Los Angeles'ın on altıncı katındaki bir çatıda, rüzgar Ellie'nin yüzüne soğuk bir tokat gibi çarpıyordu. Şehir ışıkları aşağıda uçsuz bucaksız bir umut mezarlığı gibi uzanıyordu. Her ışık birinin rüyasıydı. Her bina bir vaatti.
Ve Ellie Harper, otuz beş yıllık hayatında bu vaatlerden hiçbirini gerçekleştirememiş, görünmez bir kadındı.
Elinde boş ilaç kutusu titriyordu. Xanax. Doktorun “sadece gerçekten kötü günlerde kullan” dediği türden. Son iki saatte hepsini yutmuştu.
“Bugün ölüm günüm, daha kötüsü olamaz,” diye düşündü acı bir gülümsemeyle. Çatı kenarına bir adım daha attı. Ayakkabılarının altında çakıl taşları bir gerilim sahnesi gibi hışırdıyordu.
Aşağıya baktı. Başı döndü. Mide bulantısı hissetti ama bunun ilaçlardan mı yoksa yükseklikten mi olduğuna karar veremedi. Aslında yüksekten korkan biri için enteresan bir ölüm tarzı seçtiği de bir gerçekti.
Telefonunu ceketinin cebinden çıkardı. Son bir kez. Sadece son bir kez bakmak istedi.
Instagram hesabı açıldı. Son gönderisi: kendisinin söylediği “Hallelujah” coverının otuz saniyelik bir klibi. Yedi saat önce paylaşmıştı. On iki beğeni. Dört yorum. Yine her zamanki gibiydi.
İlk yorum: “Güzel ses ama yüzün çerçeveye sığmıyor lol” yazıyordu. Yanında ise koca pembe bir domuz emojisi vardı.
Toplumun şişman kadınları sevmediğini biliyordu ama her konuda konunun sürekli şişman olmasına gelmesinden artık bıkmıştı.
İkinci yorum: “Sesini değil suratını düzelt önce şişko,” yazıyordu.
“Düzeltebilsem bu durumda olmazdım, sanırım,” diye mırıldandı kendi kendine, yüzünde acı bir gülümsemeyle.
Üçüncü yorum: “Harika! Yine o iğrenç suratın karşımda.”
Dördüncü yorum annesinden geliyordu: “Lütfen sil şu rezilliği, biri görecek!” yazıyordu ve beş dakika önce atılmıştı.
Annesi her zaman ondan utanmıştı. Haklıydı. Ünlü sıfır beden mankeni Halley Cortez’in böyle bir kızı olmamalıydı. Toplumun da, annesinin de beklentisi buydu.

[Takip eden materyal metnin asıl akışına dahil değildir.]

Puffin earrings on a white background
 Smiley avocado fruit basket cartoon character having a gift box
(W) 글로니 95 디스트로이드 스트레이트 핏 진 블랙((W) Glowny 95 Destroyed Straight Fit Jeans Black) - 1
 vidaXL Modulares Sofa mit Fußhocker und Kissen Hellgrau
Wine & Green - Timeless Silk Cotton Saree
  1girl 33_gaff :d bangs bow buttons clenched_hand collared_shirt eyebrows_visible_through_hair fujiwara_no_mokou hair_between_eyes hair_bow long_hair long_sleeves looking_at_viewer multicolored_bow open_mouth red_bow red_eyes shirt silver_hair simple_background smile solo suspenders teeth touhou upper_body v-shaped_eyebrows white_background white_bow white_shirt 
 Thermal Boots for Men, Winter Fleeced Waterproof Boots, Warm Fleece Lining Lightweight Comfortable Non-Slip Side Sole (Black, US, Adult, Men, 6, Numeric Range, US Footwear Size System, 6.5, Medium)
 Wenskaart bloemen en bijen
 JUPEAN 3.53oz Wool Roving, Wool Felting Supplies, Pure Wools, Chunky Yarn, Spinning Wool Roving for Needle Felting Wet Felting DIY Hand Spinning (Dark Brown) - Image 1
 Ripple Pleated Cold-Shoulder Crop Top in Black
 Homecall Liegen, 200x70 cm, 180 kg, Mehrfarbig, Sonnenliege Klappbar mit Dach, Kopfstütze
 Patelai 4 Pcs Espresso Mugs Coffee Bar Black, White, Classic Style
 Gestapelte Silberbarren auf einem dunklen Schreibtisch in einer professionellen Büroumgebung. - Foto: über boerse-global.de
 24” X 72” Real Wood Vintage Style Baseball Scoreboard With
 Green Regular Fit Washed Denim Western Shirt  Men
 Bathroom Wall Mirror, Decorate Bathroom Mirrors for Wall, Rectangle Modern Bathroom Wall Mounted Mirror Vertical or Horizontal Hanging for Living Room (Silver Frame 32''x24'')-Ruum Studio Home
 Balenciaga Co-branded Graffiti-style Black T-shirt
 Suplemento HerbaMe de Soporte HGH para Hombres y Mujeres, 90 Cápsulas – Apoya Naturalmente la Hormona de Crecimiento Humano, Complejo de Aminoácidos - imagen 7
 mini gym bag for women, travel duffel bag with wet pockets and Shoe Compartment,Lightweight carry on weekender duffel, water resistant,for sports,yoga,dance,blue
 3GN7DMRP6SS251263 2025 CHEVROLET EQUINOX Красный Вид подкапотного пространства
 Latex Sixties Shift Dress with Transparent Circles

Ellie telefonu bıraktı. Ekran karanlığa gömüldü.
“Kimse fark etmeyecek,” diye düşündü.
Gözlerini kapattı. Gözyaşları yanaklarından süzülüyordu artık. Soğuk rüzgar tenine işliyordu. Bir ayağını kaldırdı, artık hazırdı. Bu kabus son buluyordu.
“Atlamadan önce,” dedi sakin, İngiliz aksanlı bir ses, “bir şarkı söylesen nasıl olur?”
Ellie dondu kaldı. Kalbi göğsünde çılgınca atmaya başladı. Bir an sesin Arzail’den geldiğini düşündü, sonuçta bu intihar olayları yasaklı ve günah değil miydi?
Sonra sesi arkasından hissetti ve yavaşça döndü.
Çatı kapısının yanında bir adam duruyordu. Kusursuz kesimli koyu renk bir takım elbise giymişti. Saçları karmaşık bir gümüş-siyah karışımıydı. Kırklı yaşlarında olmalıydı. Ama fazlasıyla yakışıklıydı; günlük hayatta olsa ilk bakışta ünlü bir model olduğuna yemin edebilirdi.
Elinde iki kahve bardağı tutuyordu. Yüzünde ne endişe ne korku vardı. Sadece... merak.
“Sen kimsin?” diye fısıldadı Ellie. Heyecan ve korku karışımı bir duygudan dudakları titriyordu.
Adam yavaşça yaklaştı. Adımları ölçülü ve güvenliydi. Çatı kenarından üç metre uzakta durdu ve kahve bardaklarından birini uzattı.